We don’t know this reporter’s name, but he spent a day in Eliot during the second week of August, 1899, recording his impressions in a long news feature printed in the Lewiston Saturday Journal on the twelfth of the month: “Within Greenacre’s Mystic Charm and Calm: The Remarkable Colony of Ideals That Has Been Grafted Upon a Prosaic Maine Country Side.”
He watched a silent crowd under the main tent sit wrapt in meditation. He listened to the actor Joe Jefferson tell stories “like a boy, full of quips and larks and pranks.” And he took a walk with Sarah Farmer, “up the slope of the great hill that lay broad in the blaze of the sun.”
As they looked out over the glint of the distant river from the top of the hill, Miss Farmer spoke:
The foundation of our work here is constructiveness. We have no room for iconoclasts. Those are the only ones we bar. All others are welcome to come and express their views.
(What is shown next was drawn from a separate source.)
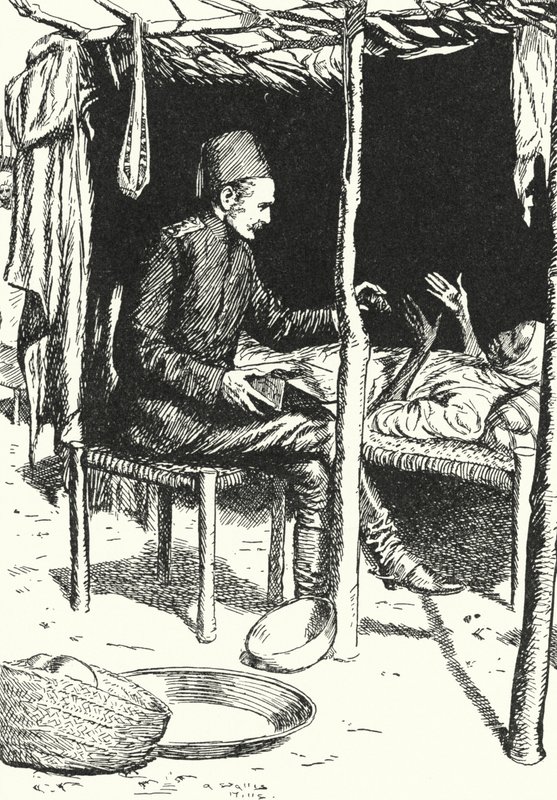 General Charles George Gordon tending to a dying old Sudanese woman by Alfred Wallis Mills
All are listened to with respect and attention. If they bring us anything that seems good to us we accept it. If there is nothing that appeals to the rest there is no cavil, no supercilious criticism. At least it has harmed no one.
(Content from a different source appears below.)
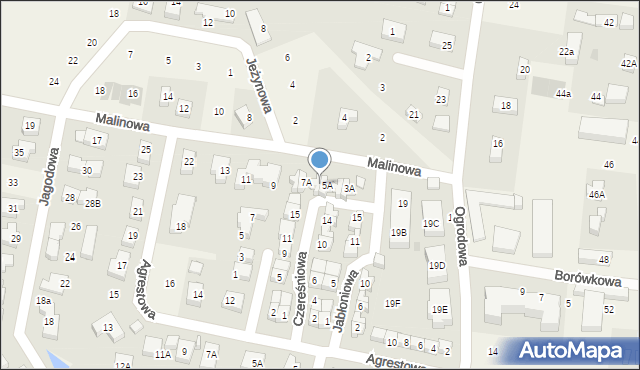 Bielany Wrocławskie, Malinowa, 5B, mapa Bielany Wrocławskie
What he brings we take and build on to what we have already constructed as a bulwark of our faith in the good or as a superstructure of a higher ideal. But we do not tolerate here the man who seeks only to tear down. Some say that certain things are frauds, are delusions, are shams and that they should be exposed. But the attacking of any man’s cherished beliefs or ideals, faulty though they may be in our eyes, brings only mischief in its train. I have had some eminent men propose to come here and display their iconoclasm but I have had to ask them to stay away until they could come in the constructive mood to bring us something as building material — not as battering ram. And I must tell you that some of them have come here and have been conquered by the Greenacre spirit.
The journalist continued: “Much did this true woman of the steadfast eye and purpose say to me as we sat there in the sunshine, but I will not venture to put into my words the expounding of her faith as she revealed it to me.”
“Go to Greenacre! If for a moment you can draw this gentle woman in gray from the throng that greets her whenever she appears on the grounds, and will ask her to tell you what there is in life for the heart that seeks further than cold creed, biased sect, Pharisaical doubtings and material grossness, then you will come down from the hill-tops of Greenacre with the blues in your heart transformed to a pink flush, in harmony with one of those magnificent Greenacre sunsets.”
Read the next 239 Days in Amercia article: The Battles of Sarah J. Farmer
Read the previous 239 Days in America article: Fred Mortensen Rides the Rails
This article was originally published on August 21, 2012 at 239Days.com, a social media documentary following Abdu’l-Baha’s 1912 journey through North America. © Jonathan Menon, 2012. This article may not be republished without prior written permission. Contact info@239Days.com.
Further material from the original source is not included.